Mitesh Thakkar: And just to add to it, the inventory situation that we talked about, it’s not about inventory lying on the ground not sold. It’s already sold coal that just because of the timing of the vessels and shipments just moved from third quarter to the fourth quarter, that inventory has gone as we speak here today.

Nathan Martin: Perfect. And then just maybe on the logistics side, how are things cooperating from a rail and port and maybe even thinking about labor as well from those standpoints.

Jimmy Brock : Yes. I think we’re dual served by both rails. And I think they’re performing okay, we haven’t had any real issues out of them. We always expect some shipments to move around a little bit. But the railcars have been pretty good for us thus far.

Bob Braithwaite : Yes. I mean think about it, Nate, I mean look at the shift, right? I mean, we’re talking about moving potentially 19 million tons through our terminal, which about 16 million of that will be from PAMC just this year.

Nathan Martin : Got it. And then maybe just a higher-level longer-term question. It would be great to get your thoughts guys around CONSOL’s ability to kind of maintain that 26 million-ton plus or minus shipment run rate over the next several years.

Jimmy Brock : We used 26 million tons Nate our base. And as you well know, we’ve run as high as 27.4 [ph] we run to the market. So if the market is there we certainly have the ability to run that. We don’t have anything that’s in the near term certainly for the next several years, we will use that 26 as a base, and we certainly have the opportunity to flex that up or down depending upon the market.

Mitesh Thakkar : And if you think about the cadence like, historically, we are not this heavily contracted. So we have more contracted for 2024 than we typically are. So that tells you that we have enough sales already booked and with the development of some of the newer markets and RFPs that Bobby and his team is working on in the domestic market as well we feel very confident about getting around that base and continue to optimize that.

Nathan Martin: Very helpful guys. And then maybe shifting to the export business. First maybe what the netbacks look like today kind of both based on API2 and Techco prices? And then Secondly congrats on entering some of those new markets. You guys just talked about both on the industrial and it sounds like crossover met side as well. And I know — in the past you’ve been successful tying some of that long-term business the API2 prices the floors and ceilings, but how should we think about some of this newer business? Is that still the way you’re looking at pricing that? Or could there be some other mechanisms you’d entertain or working on to possibly better capture the value of your product?

Bob Braithwaite : Yes. So in the quarter two of the deals under the 5.4 million tons that we did were significant export deals for 2024. When I say significant, there’s a significant amount of tons. And one we did at a fixed price and I can tell you that net to back over $70 to the mine. That is likely going to Europe. We looked at where API2 prices for the time we did that deal. And then the other deal we did was linked to both pet coke and API2 prices and had a fixed price component.
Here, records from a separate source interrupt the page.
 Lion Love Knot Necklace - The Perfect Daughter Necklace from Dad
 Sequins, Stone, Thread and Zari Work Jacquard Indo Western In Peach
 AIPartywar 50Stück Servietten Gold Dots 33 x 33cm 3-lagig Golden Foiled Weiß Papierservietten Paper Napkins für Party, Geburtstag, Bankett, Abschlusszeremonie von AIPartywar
So we continue to look at ways that we can price our product that makes sense into these markets, especially into the India market. And then the later deal I just mentioned it also had floor and ceilings tied to it, where the floor is going to provide us a minimum $20-plus cash margin and then we have some significant upside.

We’re also working on some additional term export deals and not only for thermal but also the crossover product. And as you know the crossover product typically gets linked to high-vol B prices, or in some cases if it’s going into Asia we’ll look at we’ll look at taking a discount off of TSI prices. So we’re looking at each individual opportunity based on where the ultimate destination is and the ultimate use of the coal, but we like fixed price deals better, but we certainly are looking at API2 and pet coke link deals as well. The market has been very volatile. I think the last I saw CFR India pet coke prices are in $125, $130 range. The PAMC equivalents about mid-60s back to the mine at that type of level. And then API2 prices are very volatile as well.
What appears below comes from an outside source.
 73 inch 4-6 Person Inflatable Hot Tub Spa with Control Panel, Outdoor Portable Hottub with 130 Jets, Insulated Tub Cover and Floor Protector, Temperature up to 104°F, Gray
They were higher than $130 recently down in, call it the 120s today. And as I mentioned, we were able to get pricing netting over $70 during a time when API2 was in the upper $120s to $130 today you’re probably looking at somewhere again in the mid-60s based on $120, $125 API2 price.

Nathan Martin: Great. Appreciate all that, Bob. I’ll leave it there. Thank you guys for the time, and best of luck in the fourth quarter.
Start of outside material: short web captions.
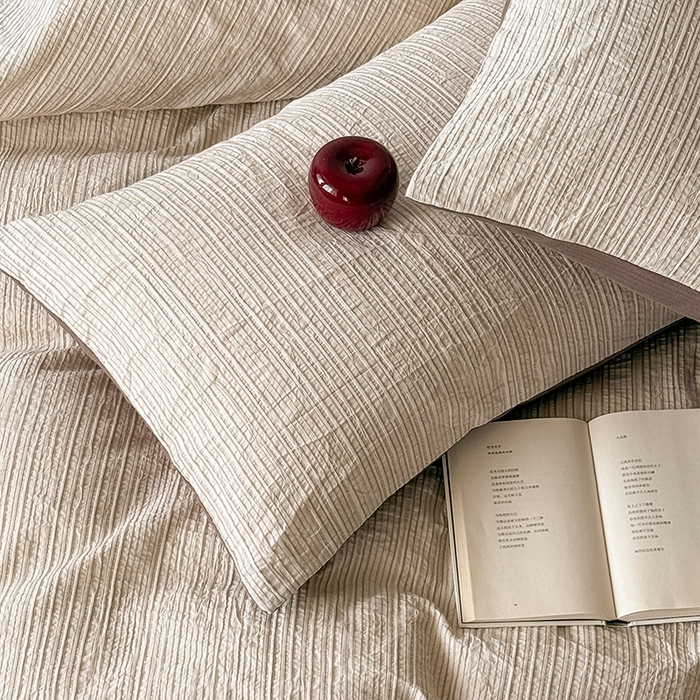 91家纺网 家纺一手货源 找家纺 （总）Mr.pig猪先生水洗棉 2025新款全棉纯棉色织立体人字纹四件套-素雅肌理系列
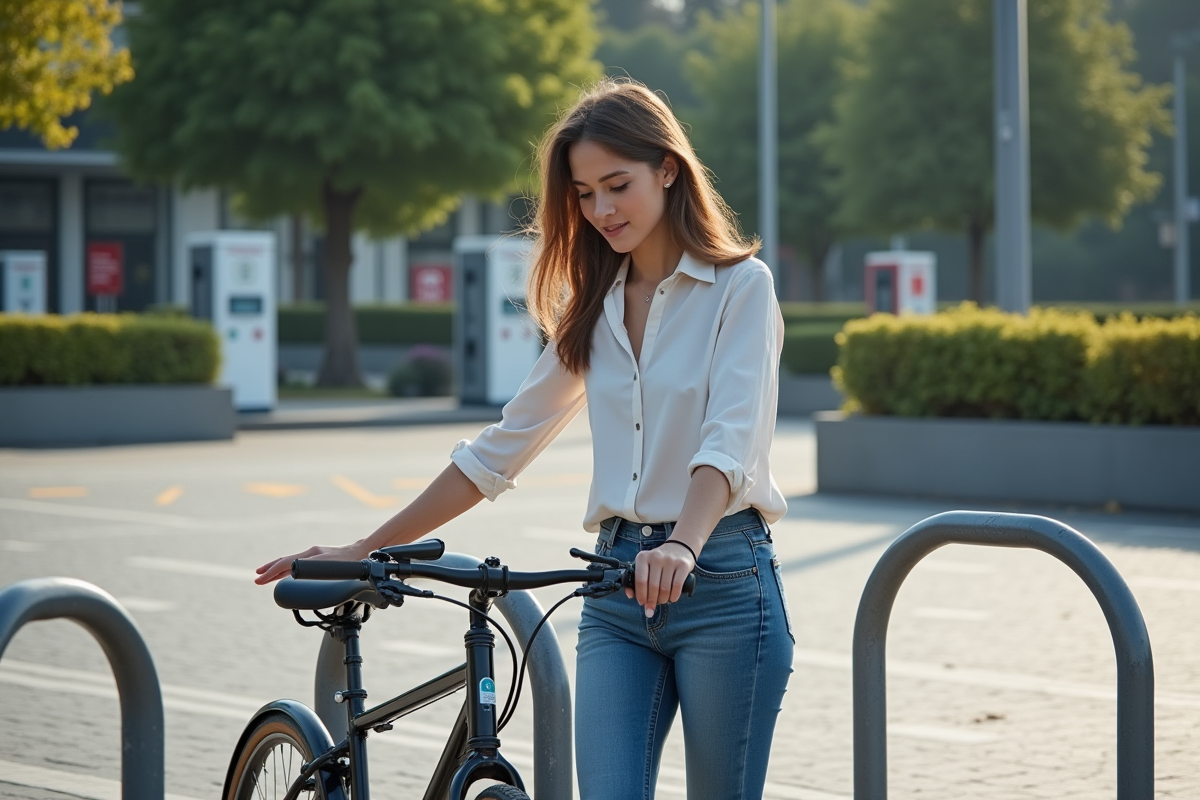 Jeune femme attachant son vélo dans une place piétonne rénovée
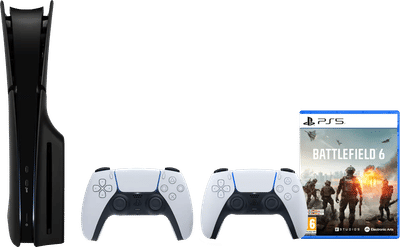 PlayStation 5 Slim Disc Edition + Battlefield 6 + Covers Zwart + Extra Controller Wit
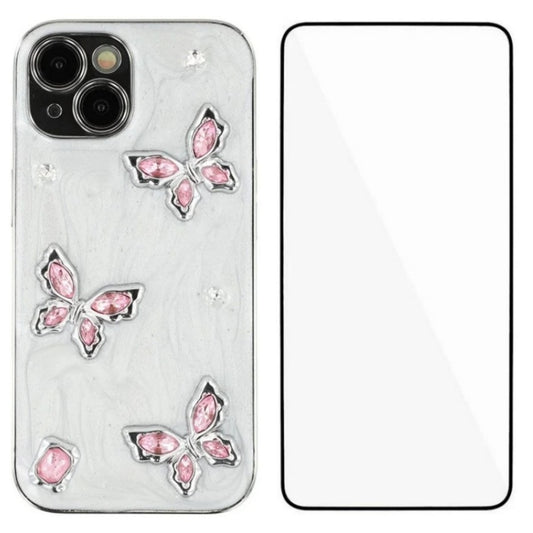 For iPhone 13 6.1 inch Case WANLONFENG Electroplated Epoxy TPU + Acrylic Phone Cover with Tempered Glass - TechGearPal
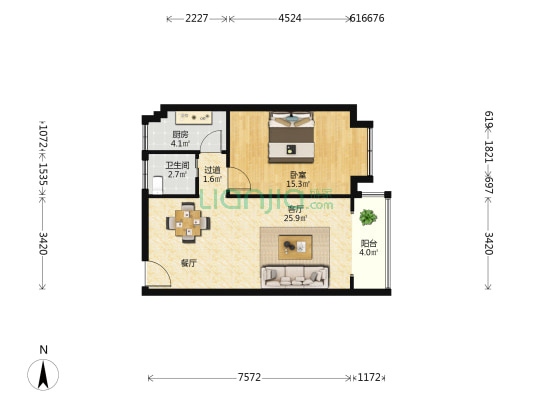 别样幸福城3号地块佳美苑 1室1厅1卫 65平方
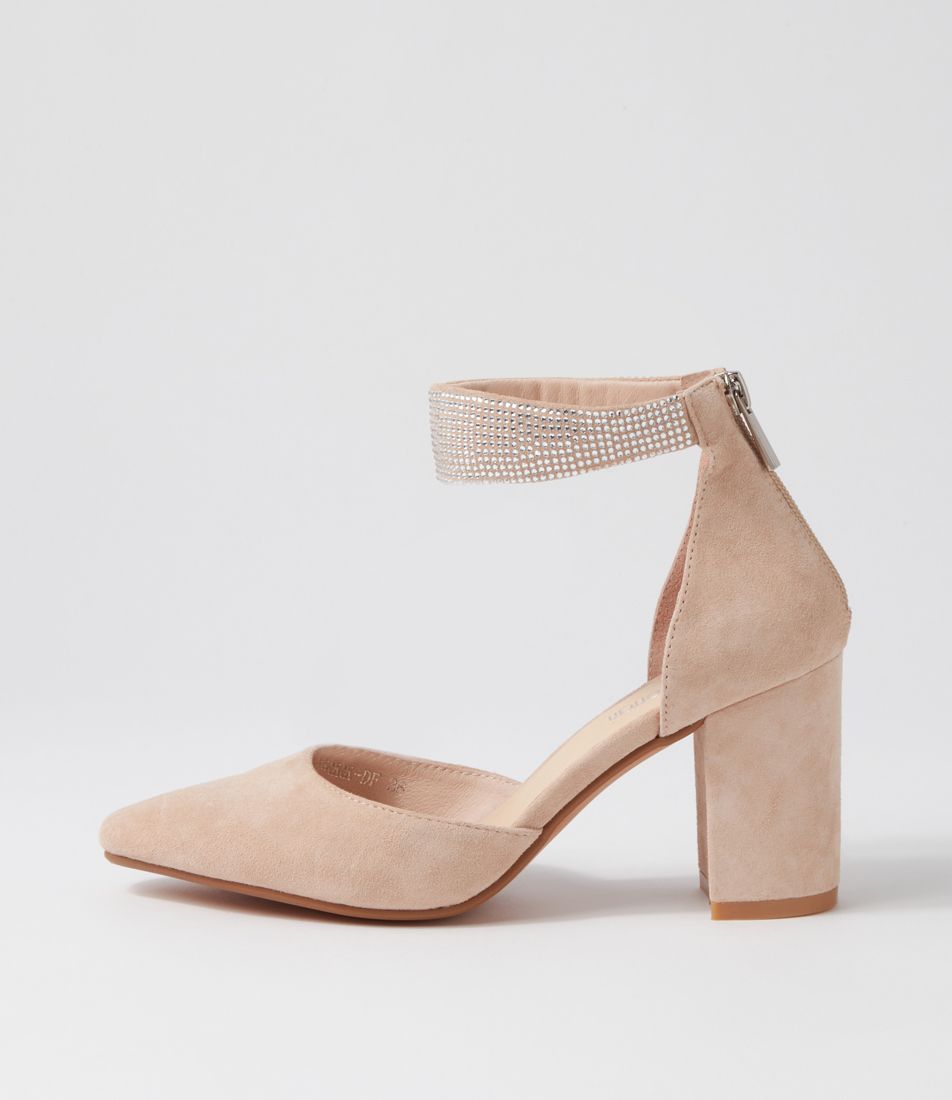 Spark Nude Suede Jewels Heels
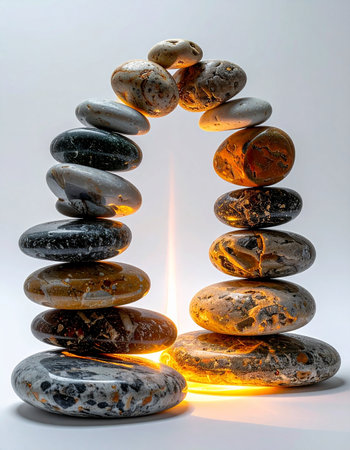 Two pillars of carefully balanced stones rise to meet, forming a perfect arch.の素材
Bob Braithwaite: Thanks, Nathan.

Operator: [Operator Instructions] The next question comes from Michael Dudas with Vertical Research Partners. Please go ahead.

Michael Dudas: Good morning, gentlemen.

Jimmy Brock: Good morning.

Bob Braithwaite: Good morning.

Michael Dudas: Bob, how are your customers in Europe, maybe — just maybe generally how they’re looking at their inventory levels and their early indications on demand and usage going into 2024 given global economic activities on one hand but still some shock from what’s happened with the gas over the past couple of years.

Bob Braithwaite: Yes. I mean as I just mentioned to Nate, one of the deals we did last quarter was into Europe that had a seven handle on it. And I’m actually heading over to Europe here next week to meet with several of our customers at their request, which certainly is positive news. And I do think that many are concerned about actual needs and if supply will be there even assuming a normal winter. I did read this morning to that ARA prices or — I’m sorry ARA inventory levels are continuing to drop. A lot of that has to do with the Rhine River situation now getting back to normal. So, I am quite bullish in Europe and when it comes to their thermal coal needs in 2024, and I think you’ll continue to see some strength in the API2 prices as well.

Michael Dudas: How about your Indian customers?

Bob Braithwaite: Yes. I mean, India, we’re getting constant demand for our product over there. I mean the retail market seems to be pretty strong so far this year and then there continues to be growth in cement capacity as we move forward as well. So, we are passing on some opportunities today to move some coal into India for the balance of this year as the crossover market continues to be the best market for us to sell our product. And based on where our current sold position is, we’re taking advantage of the best market to ensure that we have the highest realizations.

Michael Dudas: And yes, speaking on the crossover, certainly there’s been upside volatility in the global coking coal markets. How do you see it in positioning not only some of the crossover opportunities and I’m assuming there’s some marginal benefit to that maybe in the first half of next year placing some of that coal. And then with Itmann, give a sense of where you are on customer interest and for where your capacity is going to get to at the end of this year beginning and next? And how comfortable you feel you can ramp up not only on the production side to place those tons into the market at reasonable pricing.

Bob Braithwaite: Yes. So on the sales side talking about our PAMC product and the crossover, if you think about where we’re at so far year-to-date, I mean we’re on pace to do over 2.5 million tons into the crossover market this year, which I wouldn’t say is a record for us but it’s certainly much higher than what it traditionally has been. Brazil is our core market. But as Mitesh mentioned, we’re in Indonesia now. We’re also selling a lot of coal into China now as well. So, we feel as though — and that’s the reason why we brought back that fifth longwall in particular at Enlow Fork, because of the quality of that longwall and that’s certainly benefiting us in that crossover market. So again, we feel very confident in our ability to continue to expand that crossover market for our PAMC coal.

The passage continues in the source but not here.